China is on a Buying Spree. Is the Chicago Stock Exchange Next?

By Elizabeth Brotherton-Bunch
Dec 19 2016 |

Despite the risks, the U.S. government is readying to approve the exchange’s sale to a Chinese firm.

Think you’ve been on a shopping spree over the past few weeks? That’s nothing compared to China.

Chinese companies — many of which are run by the Chinese government — have spent hundreds of billions of dollars globally buying up everything from robotics makers and chemical companies to hotel chains and insurance firms. China spent more than $15 billion in transactions in the United States in 2015 alone.
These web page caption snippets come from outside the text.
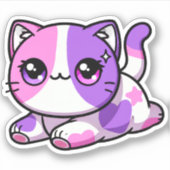 Aphmau, Meemeows, Schattigee kat, Paarse Kawaii St Sticker (Voorkant)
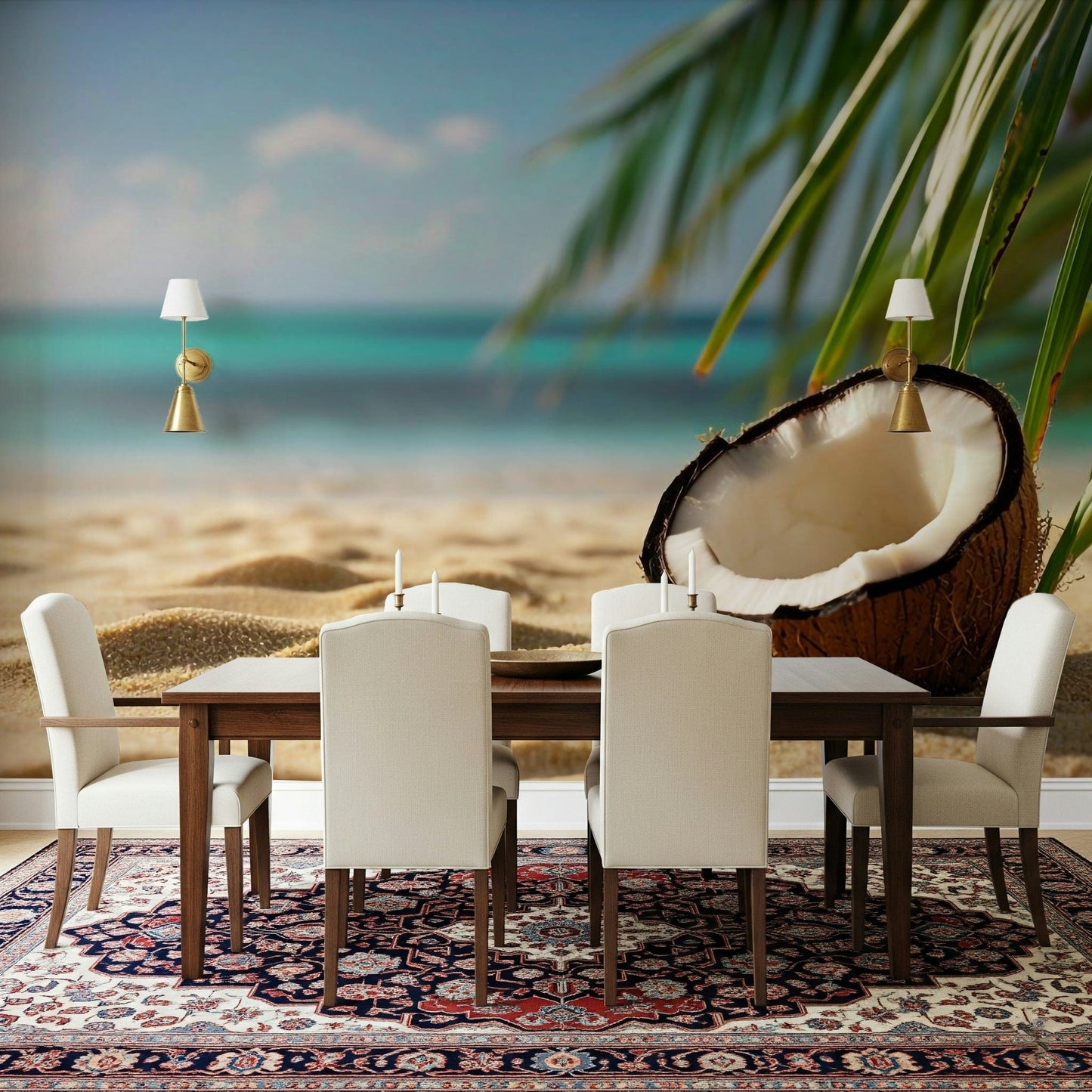 Minimalist palm leaf pattern wallpaper in a laundry room with clean white shelving.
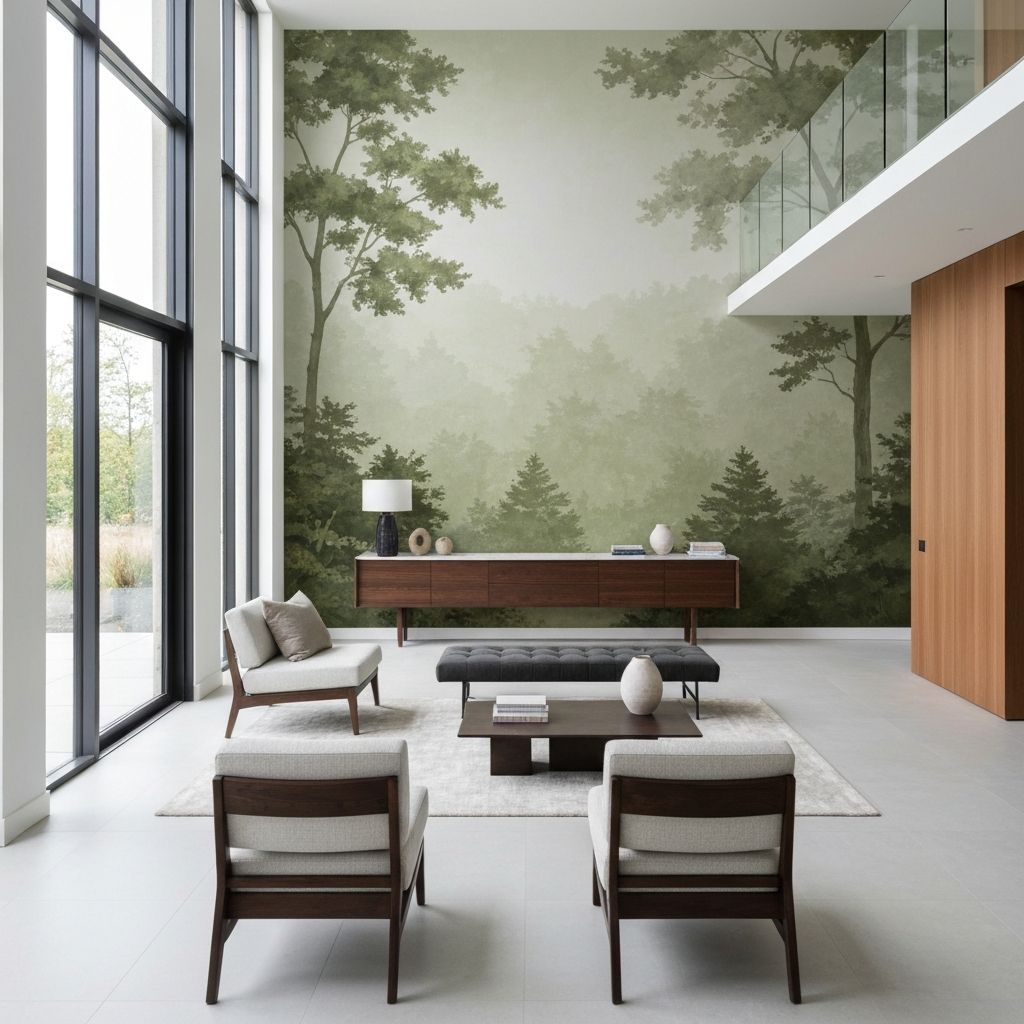 Custom nature mural printed on home interior wall — Michigan residence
Now the Chongqing Casin Enterprise Group (CCEG) — a shady Chinese firm suspected of being closely tied to the Chinese government — is preparing to purchase the Chicago Stock Exchange. The Committee on Foreign Investment in the United States (CFIUS), which is charged with examining these sort of deals for potential national security risks, approved the sale last week.
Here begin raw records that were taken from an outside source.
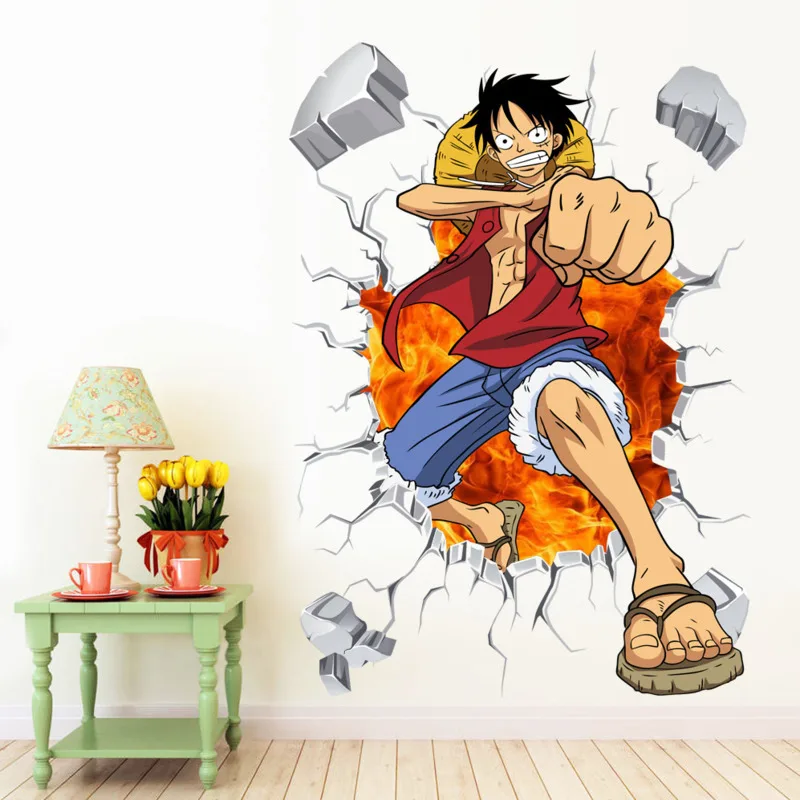One Piece Luffy Creative wall stickers Wall Sticker Suitable for Youth Room Large Decoration Japanese Manga Cartoon Vinyl | Дом и сад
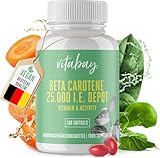 Vitabay Beta Carotin Depot Bräunungskapseln - 180 Vegane Softgels mit 25000 I.E - Vorstufe von Vitamin A Hochdosiert -Carotin Kapseln hochdosiert Bräune Karottensaft Karotin - Laborgeprüft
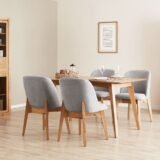 JUEGO COMEDOR MESA FIJA VINTAGE 1.60m + 4 SILLAS SAPPORO GENOUD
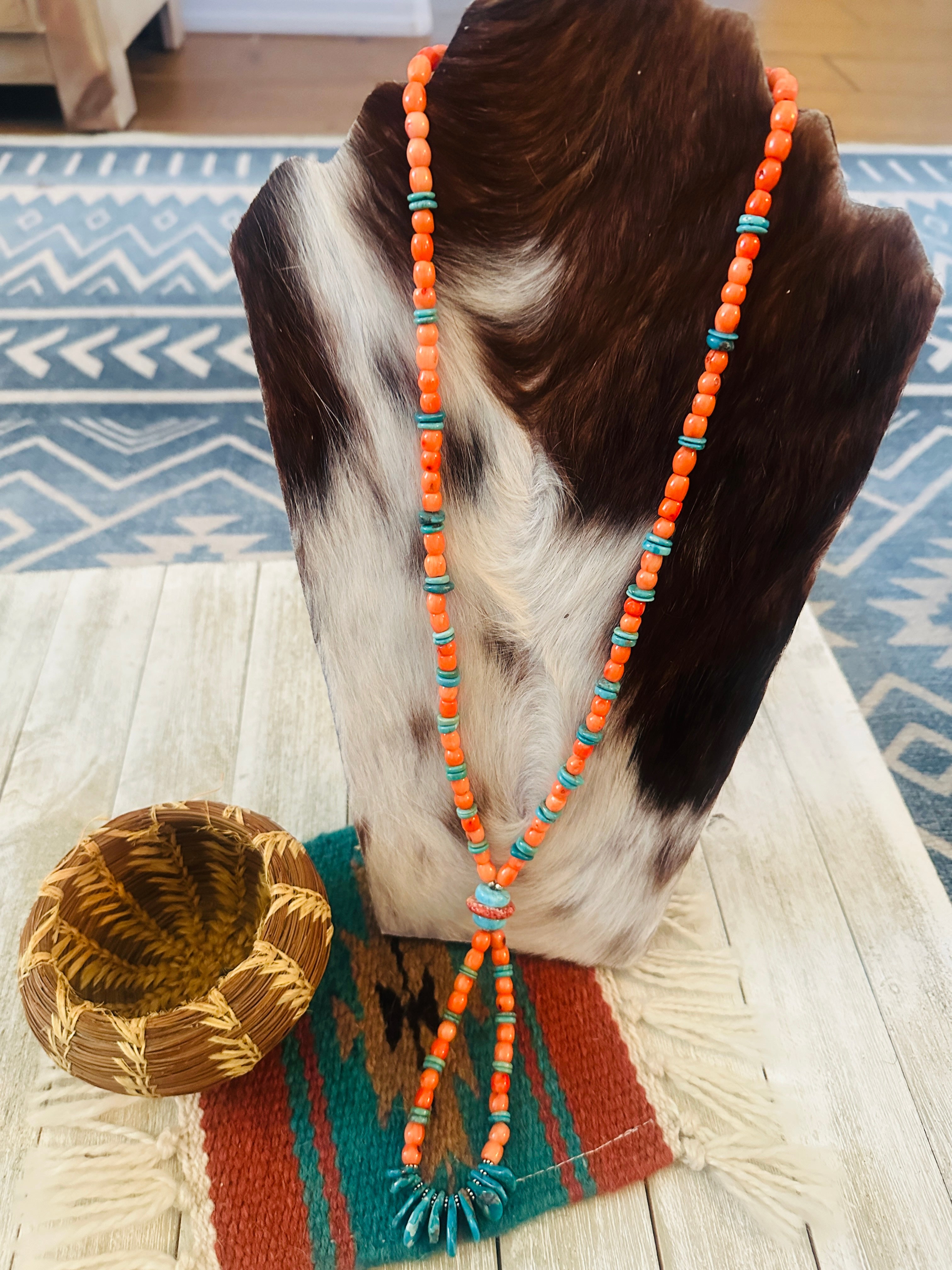 Handcrafted Spiny Oyster,  Turquoise & Sterling Silver Beaded Jacla Necklace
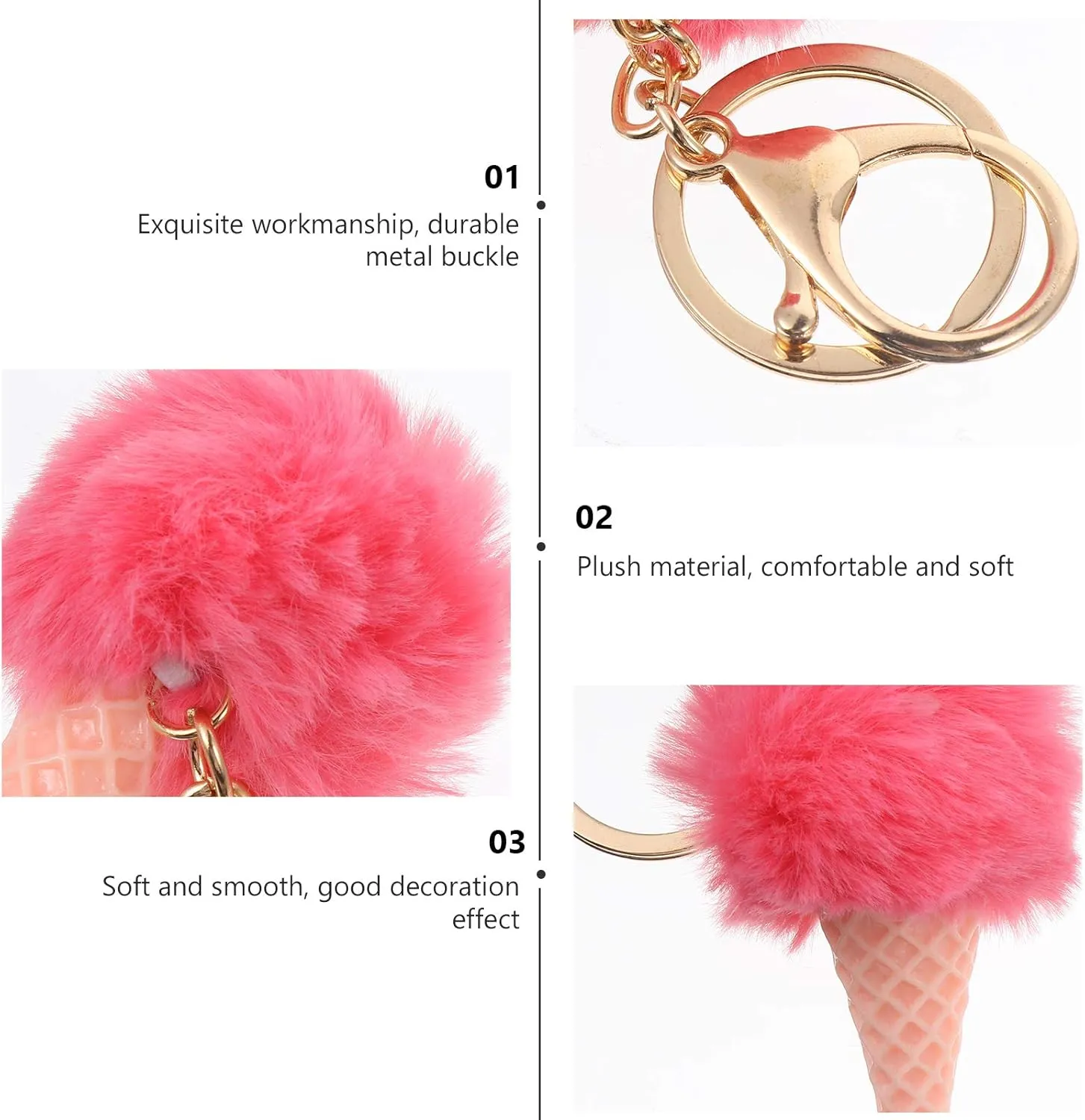 3 Pcs Ice Cream Keychain Backpack Keychain Keychains for Backpacks Nativity Ornaments Ice Cream Pom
Now it must be reviewed by the U.S. Securities and Exchange Commission. But if the commission approves the deal, it would be the first sale of a U.S. exchange to Chinese investors.

To say that there are risks is an incredible understatement.
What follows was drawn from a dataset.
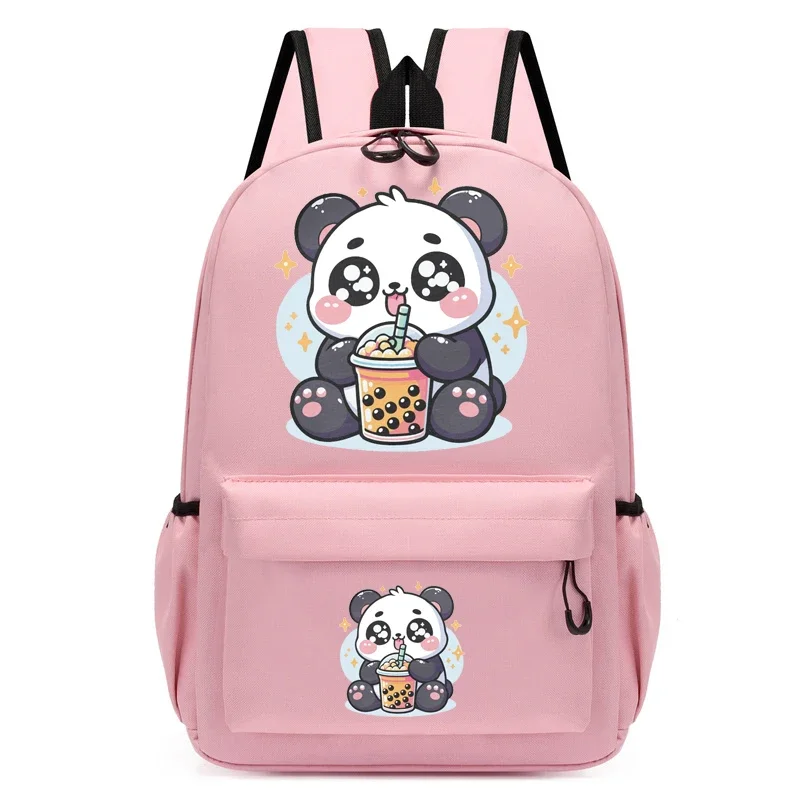 Bolsa de ombro de nylon impermeável casual para estudantes, Anime Bookbag, moda, viagem, faculdade Bagpack, Panda, Boba, chá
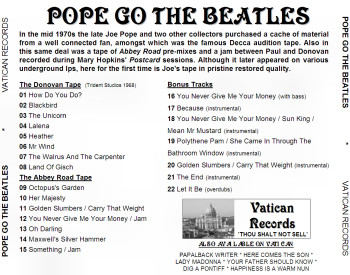 The Beatles - Pope Go The Beatles 2011 (Bootleg)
It’s unclear who actually owns CCEG. It’s likely that the Chinese government is, at the very least, a minority stakeholder in the company.

In its annual report to Congress this year, the bipartisan U.S.-China Economic and Security Review Commission said China uses state-backed enterprises “as the primary economic tool for advancing and achieving its national security objectives.” The situation is so serious that the commission recommended Congress take action to ban Chinese state-owned firms from acquiring U.S. companies.

Here’s the commission:

“[T]here is an inherently high risk that whenever [a state-owned enterprise] acquires or gains effective control of a U.S. company, it will use the technology, intelligence, and market power it gains in the service of the Chinese state to the detriment of U.S. national security.”

The commission isn’t alone in sounding the alarm bells. In February, a bipartisan group of 45 Members of Congress wrote to CFIUS requesting “a full and rigorous investigation” into the Chicago Stock Exchange deal specifically, further urging CFIUS to deny it “should you determine CCEG maintains a close relationship with the Chinese government — and therefore the Chinese military.”

But our national security isn’t the only thing at risk. Deals like this also could hurt private sector companies.

Companies must provide sensitive data in order to be listed on the stock exchange. We know that China has stolen trade secrets from American companies before — U. S. Steel Corp. filed a complaint with the U.S. International Trade Commission earlier this year alleging just that.

So why would we willingly hand over such vital data to the Chinese?

The United States has one of the most open markets in the world, and we should not automatically fear foreign investment. But allowing a shady company with close ties to a potentially hostile foreign government to control an American stock exchange just doesn’t make sense.

At the very least, deals like these need extra scrutiny to ensure our national and economic security isn’t at risk.